The Portillo moment. Every election journalists and activists leave a special place in their diary for potential re-runs of the night when then Defence Secretary Michael Portillo lost his formerly safe Tory seat in 1997.
That New Labour landslide claimed a number of scalps, but it was the shocking and dramatic nature of Portillo’s defenestration that made it all the more memorable.
There have been no shortage of similar moments in subsequent elections, and the most recent vote in 2015 was no exception.
Labour’s Ed Balls and Douglas Alexander, and the Lib Dem finance gurus Danny Alexander and Vince Cable, all lost their seats despite decent majorities and a huge national profile.
With the Tories and the Lib Dems targeting SNP seats up and down the country, we look at why one constituency in the North East could provide that popcorn moment just like Michael Portillo did 20 years ago.
The SNP big hitter
It is interesting, considering that he only stood for elected high office last year, that Angus Robertson has been thought of as being at the top of the party for well over a decade.
As a seasoned election planner, he was reckoned one of the main brains behind the SNP’s groundbreaking victory in the 2007 Holyrood elections.
Mr Robertson, who speaks several languages and was born in south London, has been reckoned by many commentators ‘the real leader of the opposition’.
His thoughtful, pointed, and well researched questions have had Theresa May on the ropes at Prime Minister’s Questions far more often than Jeremy Corbyn has managed.
Perhaps it is that, as much as the favourable constituency demographics, that has led to Mr Robertson being so high up the Scottish Conservatives target list.
Popular at Westminster and in his party (winning well over 50 per cent in the recent depute leader election), the former journalist has been an MP now for over 16 years.
He will hope he is also popular enough locally to hold on to his seat, which he won in 2015 with an increased majority of just over 9,000.
That majority in traditional elections should be insurmountable, and this area has been solidly SNP for the best part of 30 years.
But the area was also a solidly no voting constituency in the referendum of 2014, and that has the Conservatives thinking their anti-independence message could cut through.
Ruth Davidson’s party significantly cut into the majority of former Government minister Richard Lochhead at the equivalent Holyrood Seat last year, with a swing of nearly 15 per cent away from the SNP.
While every council area in Scotland voted Remain in the Brexit referendum of 2016, Moray came closest to backing the exit from the European Union.
49.9 per cent of voters in Angus Robertson’s constituency voted to leave the EU, over 10 per cent higher then the figure for the whole of Scotland.
Douglas Ross, like 50.1 per cent of those he hopes are his future constituents, backed a remain vote in that referendum.
The Tory MSP is planning a third stab at dethroning Angus Robertson, after failing to come close in either 2010 or 2015.
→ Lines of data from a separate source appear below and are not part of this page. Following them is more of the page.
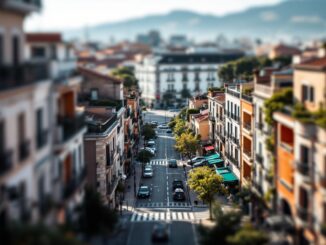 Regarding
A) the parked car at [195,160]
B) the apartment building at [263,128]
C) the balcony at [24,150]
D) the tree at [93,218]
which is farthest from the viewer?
the parked car at [195,160]

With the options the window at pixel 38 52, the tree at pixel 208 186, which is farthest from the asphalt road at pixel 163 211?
the window at pixel 38 52

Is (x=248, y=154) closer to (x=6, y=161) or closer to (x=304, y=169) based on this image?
(x=304, y=169)

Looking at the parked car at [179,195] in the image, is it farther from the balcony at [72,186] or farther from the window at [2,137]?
the window at [2,137]

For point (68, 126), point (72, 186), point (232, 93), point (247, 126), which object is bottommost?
point (72, 186)

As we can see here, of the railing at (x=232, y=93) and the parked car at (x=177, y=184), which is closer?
→ the railing at (x=232, y=93)

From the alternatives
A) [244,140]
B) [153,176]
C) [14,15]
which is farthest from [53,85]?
[153,176]

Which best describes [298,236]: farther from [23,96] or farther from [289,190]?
[23,96]

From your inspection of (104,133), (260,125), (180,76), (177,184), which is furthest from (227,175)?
(180,76)
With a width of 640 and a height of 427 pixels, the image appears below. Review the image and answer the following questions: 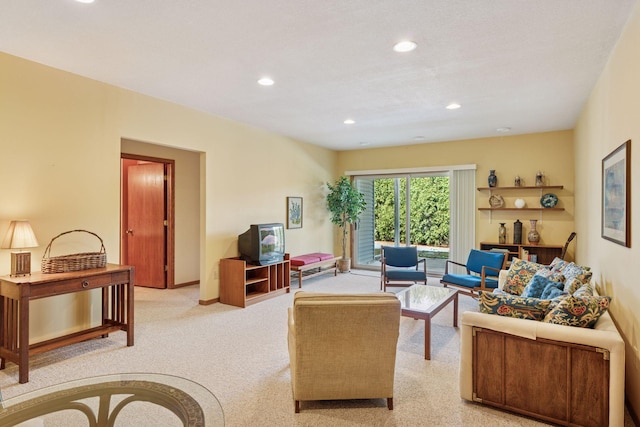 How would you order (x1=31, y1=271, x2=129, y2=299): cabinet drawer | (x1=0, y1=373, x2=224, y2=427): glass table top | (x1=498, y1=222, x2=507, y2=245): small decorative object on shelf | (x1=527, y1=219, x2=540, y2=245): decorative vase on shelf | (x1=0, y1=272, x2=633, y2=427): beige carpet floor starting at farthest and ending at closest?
Result: 1. (x1=498, y1=222, x2=507, y2=245): small decorative object on shelf
2. (x1=527, y1=219, x2=540, y2=245): decorative vase on shelf
3. (x1=31, y1=271, x2=129, y2=299): cabinet drawer
4. (x1=0, y1=272, x2=633, y2=427): beige carpet floor
5. (x1=0, y1=373, x2=224, y2=427): glass table top

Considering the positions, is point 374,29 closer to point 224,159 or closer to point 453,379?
point 453,379

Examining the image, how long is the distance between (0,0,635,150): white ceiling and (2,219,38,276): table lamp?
1.46m

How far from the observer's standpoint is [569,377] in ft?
7.22

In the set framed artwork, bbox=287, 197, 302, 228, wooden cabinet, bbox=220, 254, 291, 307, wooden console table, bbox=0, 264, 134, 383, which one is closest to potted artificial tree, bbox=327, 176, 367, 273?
framed artwork, bbox=287, 197, 302, 228

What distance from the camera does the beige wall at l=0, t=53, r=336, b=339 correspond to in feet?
10.6

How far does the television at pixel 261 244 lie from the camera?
5188 millimetres

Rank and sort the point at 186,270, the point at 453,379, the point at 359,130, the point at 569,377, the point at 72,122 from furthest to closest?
the point at 186,270, the point at 359,130, the point at 72,122, the point at 453,379, the point at 569,377

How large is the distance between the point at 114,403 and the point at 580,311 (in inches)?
107

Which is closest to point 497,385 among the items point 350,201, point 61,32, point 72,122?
point 61,32

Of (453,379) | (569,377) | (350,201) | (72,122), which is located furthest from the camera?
(350,201)

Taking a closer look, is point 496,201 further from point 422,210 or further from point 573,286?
point 573,286

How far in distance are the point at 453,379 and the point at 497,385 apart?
53 cm

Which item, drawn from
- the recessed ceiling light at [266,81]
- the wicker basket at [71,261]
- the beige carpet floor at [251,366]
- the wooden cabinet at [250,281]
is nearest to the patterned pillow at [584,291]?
the beige carpet floor at [251,366]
Mr Ross also stood in the equivalent Scottish Parliament seat last year, and came closer than many expected to winning, before being elected on the party list.
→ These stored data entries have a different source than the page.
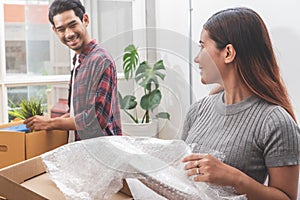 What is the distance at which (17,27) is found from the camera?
277cm

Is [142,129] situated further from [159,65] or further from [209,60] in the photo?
[209,60]

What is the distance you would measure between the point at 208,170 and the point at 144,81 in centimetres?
24

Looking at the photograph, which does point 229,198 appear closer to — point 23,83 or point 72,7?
point 72,7

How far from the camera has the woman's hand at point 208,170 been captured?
2.71ft

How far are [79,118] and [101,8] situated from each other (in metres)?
1.87

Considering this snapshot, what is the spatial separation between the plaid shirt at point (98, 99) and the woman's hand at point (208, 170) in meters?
0.18

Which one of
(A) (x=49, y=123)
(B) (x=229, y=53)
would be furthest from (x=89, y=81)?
(A) (x=49, y=123)

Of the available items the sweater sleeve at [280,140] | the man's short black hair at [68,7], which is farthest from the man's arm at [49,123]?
the sweater sleeve at [280,140]

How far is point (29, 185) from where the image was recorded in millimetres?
905

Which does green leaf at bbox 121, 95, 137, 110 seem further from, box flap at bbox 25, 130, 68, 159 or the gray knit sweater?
box flap at bbox 25, 130, 68, 159

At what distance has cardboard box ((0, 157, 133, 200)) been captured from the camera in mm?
783

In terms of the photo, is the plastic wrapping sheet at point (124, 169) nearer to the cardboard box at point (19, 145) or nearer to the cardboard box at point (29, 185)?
the cardboard box at point (29, 185)

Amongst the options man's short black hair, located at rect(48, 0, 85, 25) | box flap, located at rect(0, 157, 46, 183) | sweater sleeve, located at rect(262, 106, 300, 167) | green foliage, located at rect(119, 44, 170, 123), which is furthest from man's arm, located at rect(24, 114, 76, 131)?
sweater sleeve, located at rect(262, 106, 300, 167)

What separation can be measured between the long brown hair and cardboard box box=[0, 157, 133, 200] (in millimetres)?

He is bullish about his chances, penning in his local paper “Angus, we are coming for you”, putting Mr Robertson on notice that he would challenge him again.
But despite that bullishness, there is no denying that Mr Ross faces an uphill struggle to defeat one of Scotland’s most recognisable MPs.
Had he been a Leave voter, he could have perhaps galvanised Brexiteers in all parties (including some SNP Brexit backers) to send him to Westminster.
There’s also possibility that while he came close to defeating Richard Lochhead, he didn’t actually win the seat, so he has arguably reached his peak.
The MSP and former Councillor hasn’t had his problems to seek as an SFA referee and linesman.
That might make for good puns and colour in profiles, but when that duty interferes with his parliamentary duties, as has happened in the past, it can cause controversy.
“How many jobs does he want?” was the SNP response.
If they can make that line stick, then the Tories could be deprived their Portillo moment.